Essentrics®: a flexibility and strength building workout for all ages
Text by Kimberly Woodring | Photography by Jim Wells
What is it?
ESSENTRICS® is a full body fitness program designed to engage all 650 muscles and promote mobility, body shaping and pain-relief. Created by Miranda Esmonde-White, a former ballerina, author of the New York Times bestseller, Aging Backwards, and host of the #1 fitness TV show on PBS, Classical Stretch—the technique develops lean, strong and flexible muscles with immediate changes to your posture. This workout leaves you feeling energized, youthful and healthy. We use standing, floor and barre techniques to enhance the movements. Essentrics is a form of functional fitness.
Some BENEFITS of ESSENTRICS®:
– Improves posture and increases range of motion
– Strengthens the spine and core
– Increases flexibility and mobility
– Helps relieve pain
– Supports injury prevention
– Enhances athletic performance (agility and speed)
Who it is for
ESSENTRICS® Perfect for men and women of all fitness levels, this program rebalances the body, prevents and treats injuries and unlocks tight joints.
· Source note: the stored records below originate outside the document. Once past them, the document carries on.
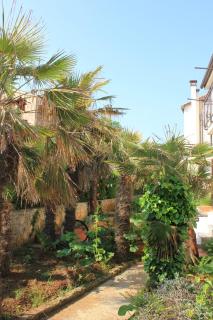 Holiday apartments Pjescana Uvala, Pula - 7652 - 1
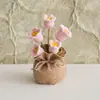 Bolsa de la Suerte Tejida a Crochet Hecha a Mano Transfronteriza Plantas Pequeñas en Maceta Muebles para el Hogar Decoración de Rosa Tejida de Lana Plantas en Maceta Flor Simulada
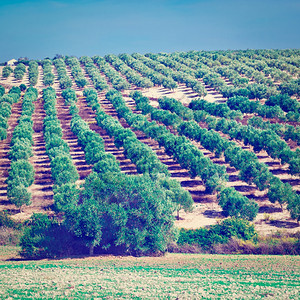 秋天西班牙的橄榄林和犁过的山坡Instagram效果图片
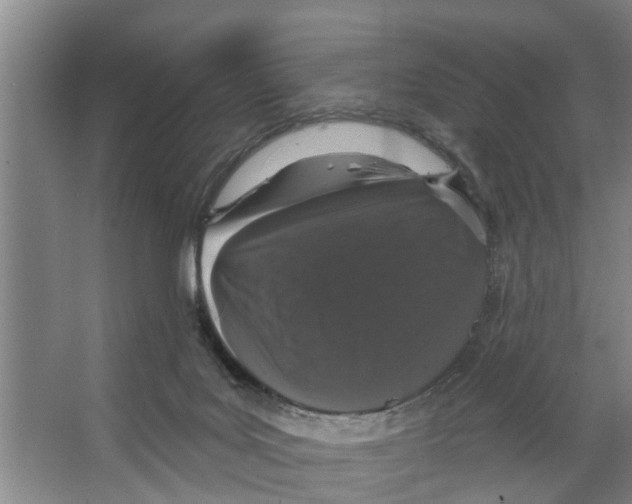 X0000066530027200604141851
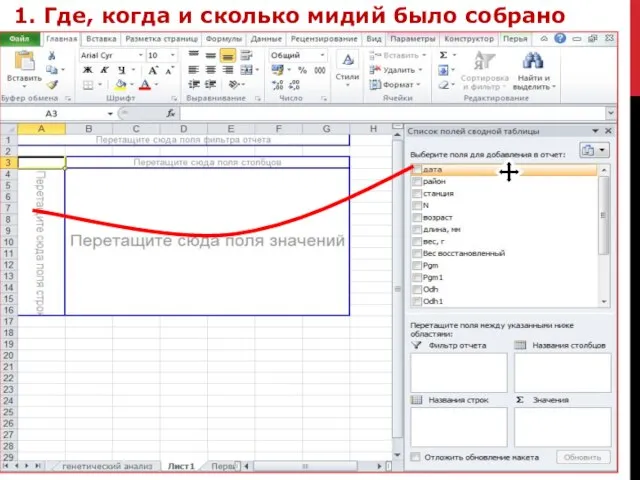 1. Где, когда и сколько мидий было собрано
It has been the workout of choice for Olympians over the last 15 years and is followed by numerous celebrities and pro-athletes alike, including the NHL’s Montreal Canadian’s. Regardless of age, gender or fitness level—Essentrics can help anyone become fit, healthy and energized in their bodies!
How to Improve your posture & gain flexibility of your spine
Stand in a lunge position, then imagine that you are pushing a heavy object as you lengthen through the spine, straighten your arms and continue to push through to the end of your stretch. You can push up on a diagonal or straight out in front. You should feel various muscles in your back engaging.
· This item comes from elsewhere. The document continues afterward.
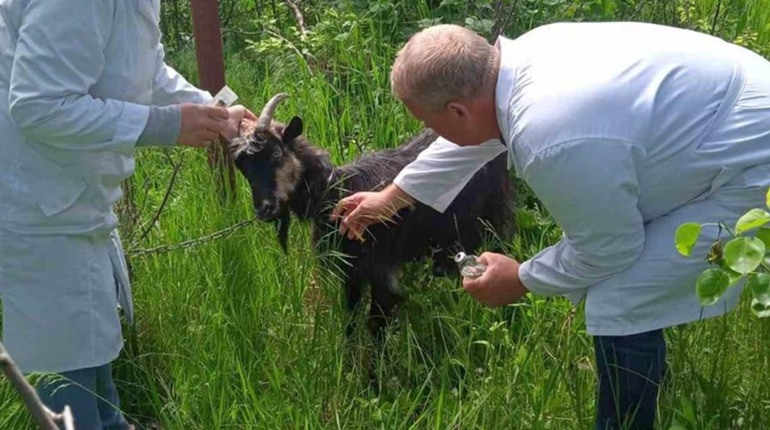 У Подільському районі одразу у двох громадах почали масово хворіти кози та корови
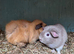 Retired sows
Next, imagine you are pulling a stubborn donkey. Focus on rounding your spine, grab and pull with your arms. Imagine feeling the resistance and shift your weight onto your back leg. Make sure to tuck your tailbone as you pull under.
Release tension as you raise your arms towards the ceiling and then lengthen through your body, shifting your weight forward. Now, rotate your palms away and imagine you are pressing the walls away as you squeeze your shoulder blades together opening up your chest, keeping your spine long and vertebrate separated. Don’t allow your spine to sink, stay focused on pulling up. Repeat sequence by changing the leg that leads the lunge.
Relieving back pain through spinal mobility & lateral flexion of the spine (may relieve back pain)
Stand with your feet slightly further than hips width apart. Imagine you are holding a beach ball (relax your arms – beach balls are light). Raise the ball overhead towards the ceiling then lean to one side engaging side musculature. You should feel your side muscles lengthen and stretch. Next, begin to pull towards the other side by leading the move with your rib cage, pull up towards ceiling then continue to reach over to the other side.
Repeat the side-to-side motion. Another movement you can perform is focusing on pulling up and out with your rib cage, deepening the side stretch to tone the waist or you can do a released and relaxed sway to gently massage your upper back.
Relaxing the upper body through a spinal roll
Start by pulling up really tall lengthening the vertebrate reaching towards the ceiling
Begin to relax your neck, tuck your tailbone under and gently roll down one vertebrate at a time releasing and relaxing, softly bending your knees.
Imagine you are a zombie/rag doll just hang limply and gently swaying side-to-side letting all the stress and tension go. If you have back issues such as a slipped disc or low back pain, place your hands on your thighs and only roll down as far as it is comfortable.
Hip exercises through chair work movements
Begin by placing one foot on the seat of the chair, keeping both knees bent. Now do side-to- side movements with your hips lifting the hip up then pressing the hip down and away. This movement will continue to loosen tension in the hip and lumbar area. Repeat 3-4 times, then walk around the chair and repeat with your other leg.
Relieving pain through chair work movements
Place one leg on a chair while keeping your knee straight as possible, bend the standing leg. Lean forward keeping your spine straight and extend your arm, pulling up at a diagonal lengthen out as much as you can to deepen the stretch in the hamstring and the spine. Gently move in and out of this stretch – don’t hold this position
Hold onto the back of the chair and begin to rotate your body away from the leg that is on the chair. Use your arm to assist the spine in the rotation; you should feel a stretch in IT Band (the ligaments and tendons that run along the outside of that leg) and hold this rotation for about 5 seconds. Walk to other side of chair and repeat steps one and two.
The chair stretch for the psoas begins by placing your foot flat on the chair. Bend your back knee while lifting your heel so you are on your toes. Shift your weight forward and tuck your tailbone.Keeping tailbone tucked under slowly press the standing heel back towards the floor. This will help stretch the psoas.
Shift your weight forwards keeping tailbone tucked under and carefully bend the standing legs knee down towards the floor. Keep your weight centered over the seat of the chair. This is a deep quadriceps stretch. Do Not hold this stretch but gently move in and out of it by repeating step 3 back into step 4. Repeat 2-3 times and change legs.